BRENDA, the enzyme database: updates and major new developments


BRENDA (BRaunschweig ENzyme DAtabase) represents a comprehensive collection of enzyme and metabolic information, based on primary literature. The database contains data from at least 83 000 different enzymes from 9800 different organisms, classified in ~4200 EC numbers. BRENDA includes biochemical and molecular information on classification and nomenclature, reaction and specificity, functional parameters, occurrence, enzyme structure, application, engineering, stability, disease, isolation and preparation, links and literature references. The data are extracted and evaluated from ~46 000 references, which are linked to PubMed as long as the reference is cited in PubMed. In the past year BRENDA has undergone major changes including a large increase in updating speed with >50% of all data updated in 2002 or in the first half of 2003, the development of a new EC-tree browser, a taxonomy-tree browser, a chemical substructure search engine for ligand structure, the development of controlled vocabulary, an ontology for some information fields and a thesaurus for ligand names. The database is accessible free of charge to the academic community at http://www.brenda.uni-koeln.de.


The development of BRENDA was begun in 1987 at the German National Research Center for Biotechnology (GBF) and continues at the Cologne University Bioinformatics Centre. Initially, BRENDA was published as a series of books (1). Since 1998 all data have been presented in a relational database system with access free to the academic community at http://www.brenda.uni-koeln.de. Commercial users are required to purchase a licence.

Enzymes represent the largest and most diverse group of all proteins, catalysing all chemical reactions in the metabolism of all organisms. They play a key role in the regulation of metabolic steps within the cell. With the development and progress of projects of structural and functional genomics and metabolomics, the systematic collection, accessibility and processing of enzyme data becomes even more important in order to analyse and understand biological processes.

BRENDA, a protein function database (2) contains a huge amount of enzymic and metabolic data and is updated and evaluated by extracting information from the primary literature. Since 2002 the annotation speed has been tripled to 1000 EC numbers per year.

Major developments in the past few years were the ongoing conversion from an EC number/organism-specific to a protein-molecule-specific database. Furthermore, the presentation and the advanced search engine via the world wide web was improved. Tools like an EC browser, the taxonomy browser and a sequence-based search engine were integrated. BRENDA now provides the opportunity to search for substructures of ligands and a thesaurus of those chemical compounds that are involved in enzyme reactions.
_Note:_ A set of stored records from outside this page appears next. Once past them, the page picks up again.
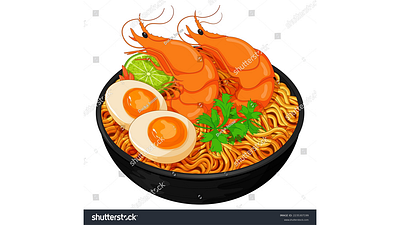 Thai stir fry noodles with shrimp or prawn food icon seafood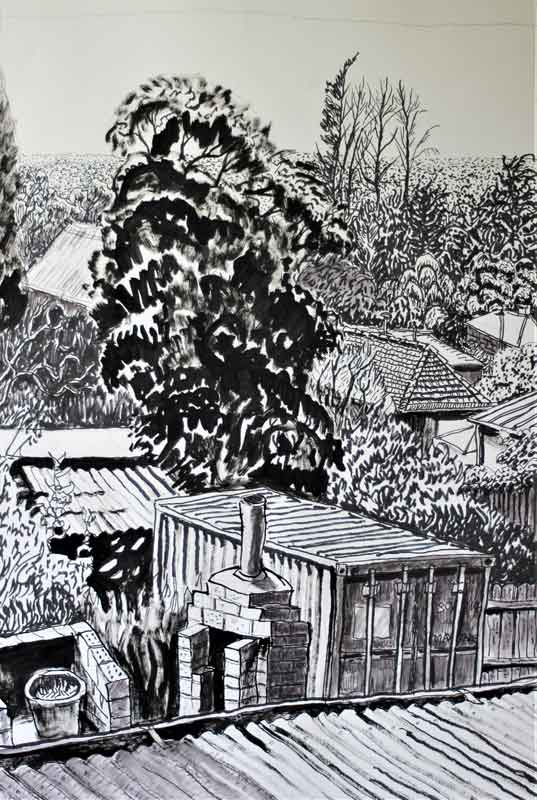 John Ellison 'Sausage Fire and Landscape' pen, brush, ink on paper 90x70cm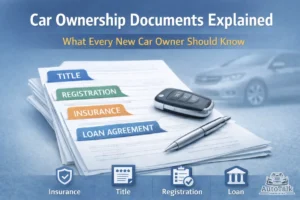 Car ownership documents showing title, registration, insurance, and loan agreement papers with car key and pen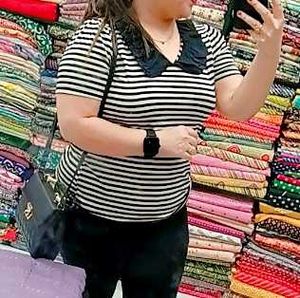 Black Nd White Strips Top
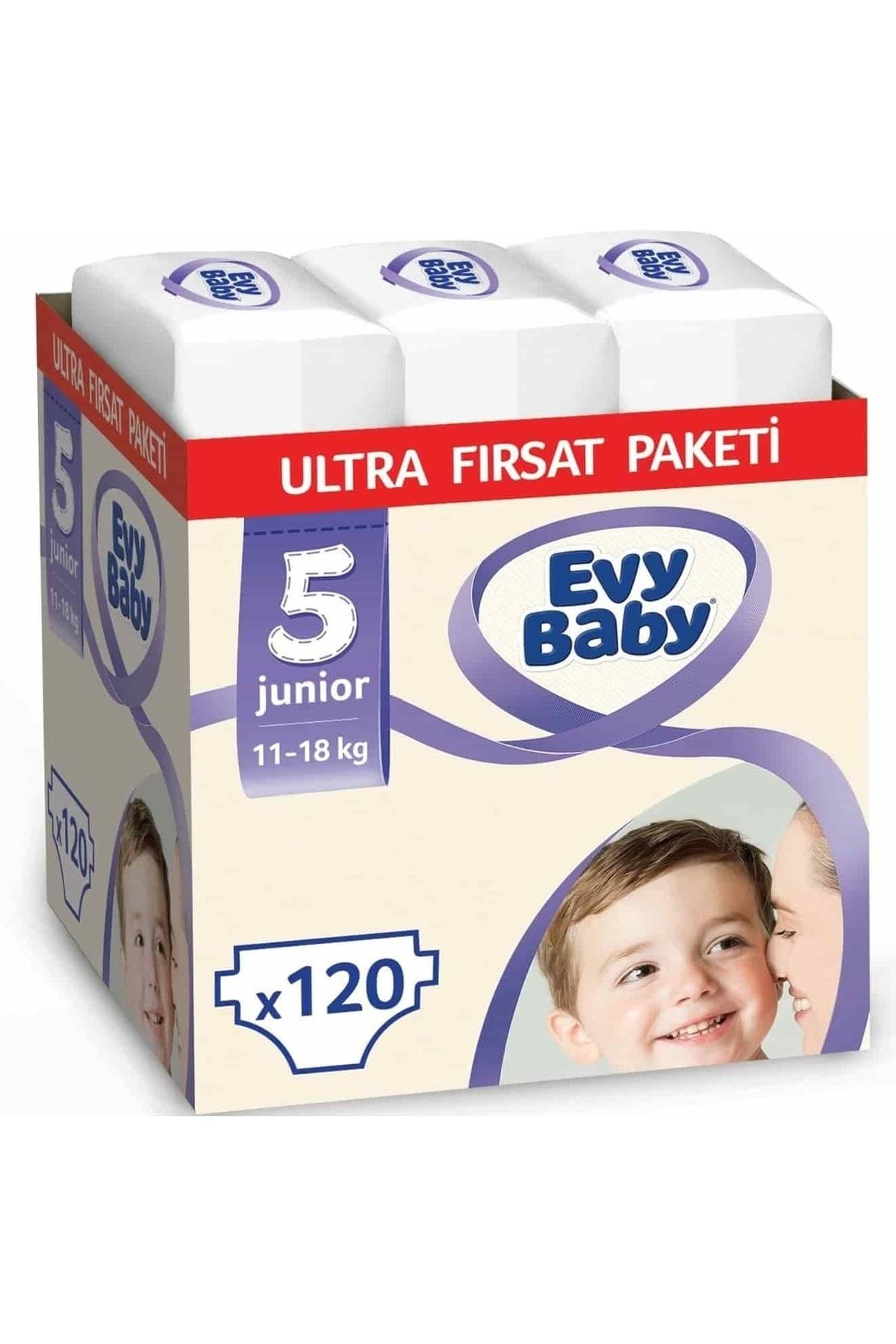 Evy Baby Bebek Bezi 5 Beden Junior Ultra Fırsat Paketi 120 Adet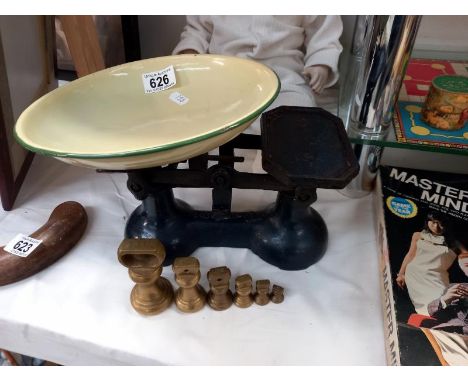 Vintage cast iron kitchen scales with enamel pan and brass weights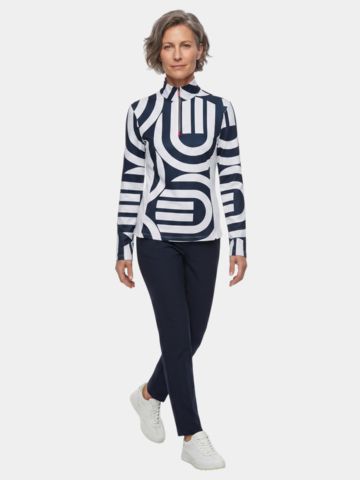 Valiente Druck 1/2 Zip Stretch Thermo Midlayer navy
In terms of systematic access and analysis of data, a controlled vocabulary for organism-specific information, i.e. intracellular localization and enzyme source, was established.


BRENDA represents a comprehensive relational database containing all enzymes classified according to the EC system of the Enzyme Nomenclature Committee (IUBMB) (3). This classification is based on the type of reaction (e.g. oxidation, reduction, hydrolysis, group transfer) catalysed by the enzyme.

In contrast to other databases, BRENDA is not limited to a specific aspect of the enzyme or to a specific organism. It covers organism-specific information on functional and molecular properties, enzyme names, catalysed reaction, occurrence, sequence, kinetics, substrates/products, inhibitors, cofactors, activators, structure and stability.

Presently, BRENDA holds information on 4200 EC numbers, which represent more than 83 000 different enzyme molecules. The data in BRENDA are continuously updated by manual extraction of relevant parameters from publications searched in the literature databases, i.e. PubMed (4) and SciFinder (5), and all entries are checked for internal inconsistencies. In addition, automated literature extraction is being developed to provide an almost complete overview of the literature. New information fields are continuously added as necessary. Figure Figure11 shows the quantitative increase of entries since 2001 in BRENDA exemplified by some significant information fields (EC number, literature references, substrates/products, inhibitors, mutants, Km value).

Figure 1
Development of BRENDA data content 2001–2003 in some significant data fields.


BRENDA is stored as a relational database, containing all data in 46 tables, enabling different queries.

The quick search mode provides easy access to the data of each information field individually. The search results are displayed in a comprehensive table format and also as a compact printable version. The table version includes links to a reference-specific view, pictures of molecules functioning as ligands, Gene Ontology (GO) definitions (6), PDB entries (7), amino acid sequences (8) and cross-references to other databases.

The advanced search mode allows one to combine 25 different query criteria. In addition to the possibility of restricting the query to a unique organism, the search can be extended to an upper level of a branch of the BRENDA taxonomy tree (TaxTree).

The BRENDA TaxTree is based on the tree published by the NCBI (4). The TaxTree search allows users to browse and search for organism names or nodes in the NCBI taxonomy browser. In addition, a search can be performed on organisms that are stored only in BRENDA, but do not occur in any sequence database. Special features show the availability of data for a specific organism class or organism in BRENDA.

The ECTree in BRENDA displays the enzyme classification as defined by the IUBMB (3).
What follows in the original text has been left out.